I mean, when a bad guy from the future–a guy who is so cruel he tried to go back in time to kill his rival while that rival was a small child and, when he couldn’t do that, decided to kill his rival’s mom out of spite–has a more humane method of dealing with criminals than our hero, what does that say about our hero’s sense of justice?

In the first season, when the hero was under the sway of a bad guy and only incarcerating metahumans, there actually came a point when the district attorney found out and had a problem with what was going on.  The Flash and team was acting as their own judicial system, putting bad guys in prison without a trial.  That was a welcome moment of reality in an unreal situation.

If that same moment of reality were to happen in season two it would be to arrest the Flash for multiple counts of first degree murder.

2. Caitlin Snow ignores her reality, starting to stray from marriage

This is a strange one.  Caitlin is super smart, we know this from every episode ever.  In the first season she was also super sad because the accelerator accident blew up her fiance.  We’ve all been there.  Totally understandable.  And she didn’t get over that pain in the nine months since the accident and the start of the first episode (that’s how long Barry was in a coma).
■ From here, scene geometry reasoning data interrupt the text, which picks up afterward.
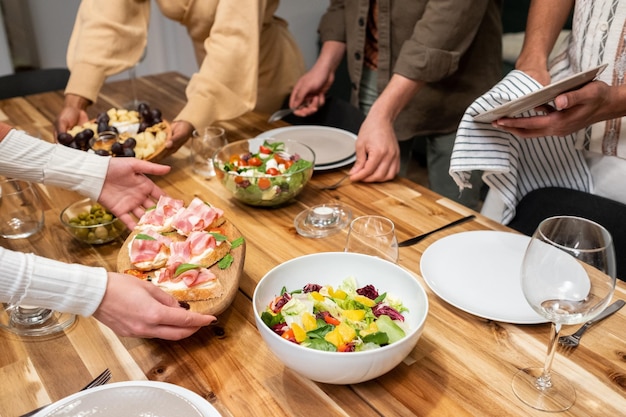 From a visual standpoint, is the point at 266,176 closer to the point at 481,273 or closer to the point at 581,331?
the point at 481,273

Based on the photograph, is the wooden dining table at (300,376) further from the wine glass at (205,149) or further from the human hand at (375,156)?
the wine glass at (205,149)

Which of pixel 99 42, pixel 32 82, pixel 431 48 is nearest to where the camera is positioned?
pixel 431 48

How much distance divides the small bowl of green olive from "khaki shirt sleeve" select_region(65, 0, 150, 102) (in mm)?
692

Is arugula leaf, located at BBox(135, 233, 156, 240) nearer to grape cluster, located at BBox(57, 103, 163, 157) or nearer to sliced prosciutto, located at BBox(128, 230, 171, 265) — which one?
sliced prosciutto, located at BBox(128, 230, 171, 265)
A few more months passed in the first season and Caitlin was faced with the growing knowledge that the love of her life might not be dead.  Turns out he was back as Firestorm.  She was happy that Ronnie was alive, but then sad when he had to leave to figure out how to control his powers.  Because…reasons.  Not like STAR Labs is actually the best place to figure out how to control metahuman powers.  Whatever.

In the first season finale, Caitlin was beyond thrilled that Ronnie returned to help stop the Reverse Flash.  And, like most romances in a season finale, they decided to get married.  Because they didn’t want to be apart anymore especially since Ronnie had figured out his powers.  They got married, then Ronnie goes and separates inside a singularity and he’s missing in action.  This is what happens when you don’t plan the honeymoon, people.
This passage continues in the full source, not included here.